Greek PM asks high court to expedite cases over rail disaster
A boy lays flowers on the tracks at the railway station of Rapsani, north Greece, on March 5, 2023, during a commemorative gathering for the victims of a deadly train crash which killed 57. Students and residents of the municipality of Tempi, gathered in the valley of Tempi in memory of the victims of Greece's worst rail disaster, which occured in nearby Larissa on February 28. Many of the victims were students who were returning from a weekend break. (Photo by Sakis MITROLIDIS / AFP)
(AFP) - Greek Prime Minister Kyriakos Mitsotakis on Monday asked the country's Supreme Court to prioritise any criminal cases over last week's deadly train crash and to shed light on what led to the country's worst rail disaster.
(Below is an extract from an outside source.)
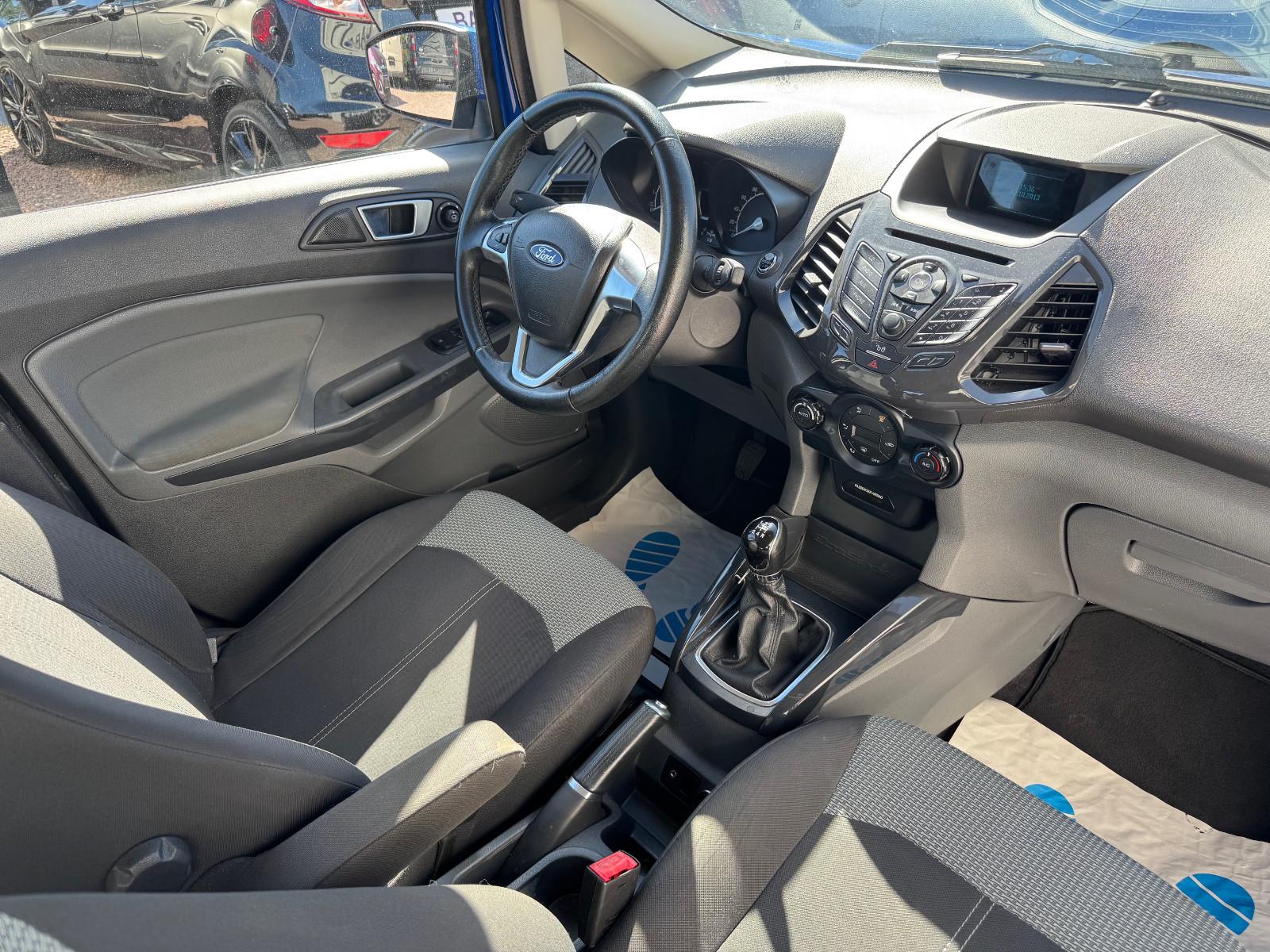 Ford EcoSport 2015 — photo 20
"The Greek people want an immediate and thorough clarification of the criminal incidents related to this tragic accident," Mitsotakis wrote in a letter to the court prosecutor about last week's collision, which killed at least 57 people and triggered widespread public anger.
"I ask you to give priority to these cases and, if you deem it appropriate, dedicate an investigation at the highest possible level into what happened" and whether "systemic errors in the rail sector" constituted criminal offences.
With the government seeking re-election in April, the move is seen as necessary for Mitsotakis to placate outrage as such probes in Greece can usually take several years.
The crash occurred in central Greece on Tuesday, when a freight train collided head-on with a passenger train carrying over 350 passengers, many of them young students.
It triggered furious mass protests in parts of the country and clashes with police. Some 12,000 people demonstrated just in Athens on Sunday.
EU Commission President Ursula von der Leyen on Monday tweeted she had discussed providing "further technical support" on modernising Greek railways.
Experts from the commission and the EU Agency for Railways (ERA) will travel this week to Athens, she added after a call with Mitsotakis.
A commission spokesman on Thursday said the EU had already backed 16 railway projects in Greece since 2014 with nearly 700 million euros ($741 million).
The authorities initially blamed the accident on a "human error" by the station master on duty at the time of the collision.
But rail unions say they repeatedly warned operator Hellenic Train about safety issues on the line, and said successive governments' mismanagement of the network and failure to pursue safety reforms had contributed to the fatal collision.
Greek television has showed harrowing images of weeping parents clamouring for information of children who had been aboard the train and berating authorities for what had happened.
Train services in Greece have been curtailed for a sixth straight day.
- Forgiveness -
On Sunday, Mitsotakis asked forgiveness from the families of those killed.
On Friday, he ordered the creation of an expert inquiry to investigate systemic failings in the train system.
Mitsotakis's letter on Monday specified that any investigation by the Supreme Court would be distinct from the experts' inquiry.
He acknowledged that the problems plaguing the infrastructure included delays in technology updates.
"We all know the country's railways are deeply problematic," he said.
For decades, Greece's 2,552-kilometre (1,585-mile) rail network has been plagued by mismanagement, poor maintenance and obsolete equipment.
Safety systems on the line are still not fully automated, five years after the state-owned Greek rail traffic services operator TrainOSE was privatised and sold to Italy's Ferrovie dello Stato Italiane, becoming Hellenic Train.
The stationmaster on duty during the collision, identified as 59-year-old Vassilis Samaras, has admitted being partially responsible for the crash.
He has been charged with negligent homicide and faces life in jail if convicted.
Greek media have reported that the station master was left unsupervised in his post during a busy holiday weekend despite having little experience.